Perdebatan tentang barunya sesuatu dengan lamanya sesuai cukup menarik dalam perjalanan sejarah manusia utamanya antara kaum teolog dan kaum filosof. Sebagian mengatakan bahwa barunya sesuatu itu adalah sebelum sesuatu itu ada adalah tiada atau keberadaannya didahului oleh ketiadaan dan lamanya sesuatu itu adalah sesuatu itu senantiasa ada dan tidak pernah tiada atau keberadaannya tidak didahului oleh ketiadaan atau sederhananya para filsuf mendefinisikan bahwa "hadis/baru" adalah eksistensinya didahului oleh ketiadaan eksistensinya dan "qadím/lama" adalah eksistensinya tidak didahului ketiadaan eksistensinya. Sehingga hal ini apabila kita hubungkan dengan semangat dalam menjalankan organisasi apakah semangat itu ada ketika kita menjadi anggota dan kader bahkan baru ada ketika kita menjadi seorang pengurus ataukah HMI secara organisasi selalu memiliki semangat baru sehingga siapapun yang berposes didalam HMI apabila dalam menyelaraskan semangat baru dalam dirinya dan semangat organisasi maka ia akan terlahir menjadi seorang pembaharu sebagaimana dalam catatan sejarah bahwa HMI dalam setiap zamannya selalu melahirkan para pembaharu salah satunya adalah Nurcholish Madjid atau biasa disapa Cak Nur yang dianggap sebagai penarik gerbong lokomotif pembaruan pemikiran Islam Indonesia.
Hal yang tak kalah penting dalam pembahasan tentang baru dan lamanya semangat dalam berorganisasi ialah tentang konstan atau tetap dan berubah - ubahnya semangat dalam menjalankan roda organisasi baik sebagai seorang anggota, kader maupun seorang pengurus bahkan kelak menjadi seorang alumni HMI. Karena sering kita temukan dalam kehidupan berorganisasi, ada yang semangat sangat tinggi pada saat Latihan Kader I (LK I) namun setelah hilang tanpa ada kabar lagi setelah pasca LK I, artinya kita tidak lagi menemukan kehadiran dan semangat mereka dalam kegiatan selanjutnya seperti follow up, up grading maupun aktivitas organisasi HMI lainnya bahkan tak jarang peserta terbaik pada LK I justru tidak aktif setelah LK I, begitu juga pada pengurus semangat dan senyum bahagia yang kita saksikan pada saat momen pelantikan tak lagi kita saksikan pada rapat - rapat organisasi serta pada pojok pojok komisariat dengan kegiatan membaca, berdiskusi, mengatur strategi dan bahkan aksi.
Tentu secara ideal kita berharap bahwa senyum bahagia, derai tawa dan canda ceria pada semua pengurus bisa dijaga dan dipertahankan sejak awal pelantikan, dalam menjalankan roda organisasi sampai pada momen akhir evaluasi rapat anggota komisariat (RAK).
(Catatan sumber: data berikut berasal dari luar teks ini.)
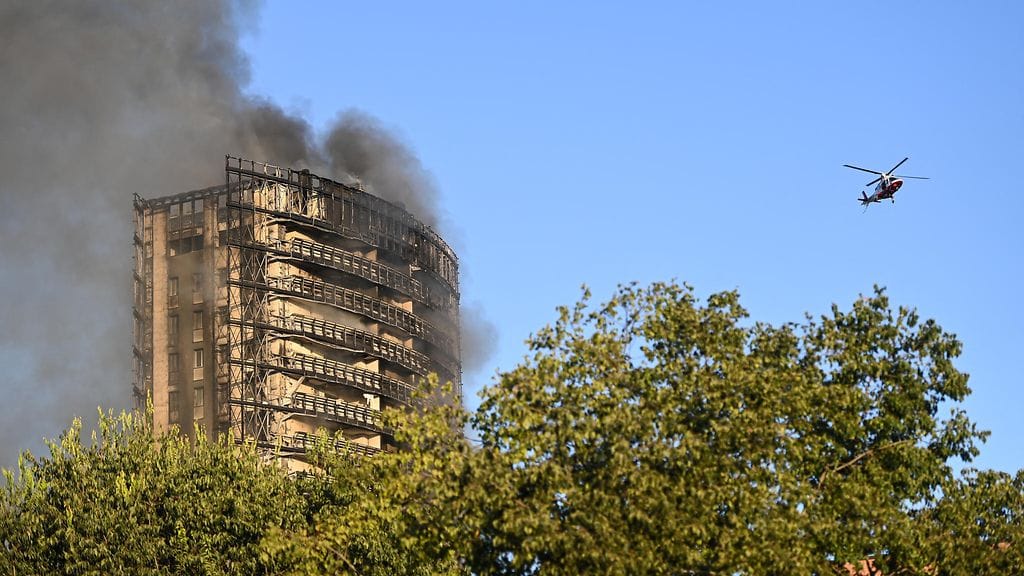 Helikopteri pörrää savuavan kerrostalon lähettyvillä.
Dalam contoh kasus alumni HMI sering kali kita temukan semangat keHMIan, utamanya semangat keislaman dan keindonesian tidak lagi merasuk kedalam aktivitas keseharian mereka bahkan sebagian dari mereka secara tindakan justru berbanding terbalik dengan semangat nilai nilai yang ada di dalam HMI.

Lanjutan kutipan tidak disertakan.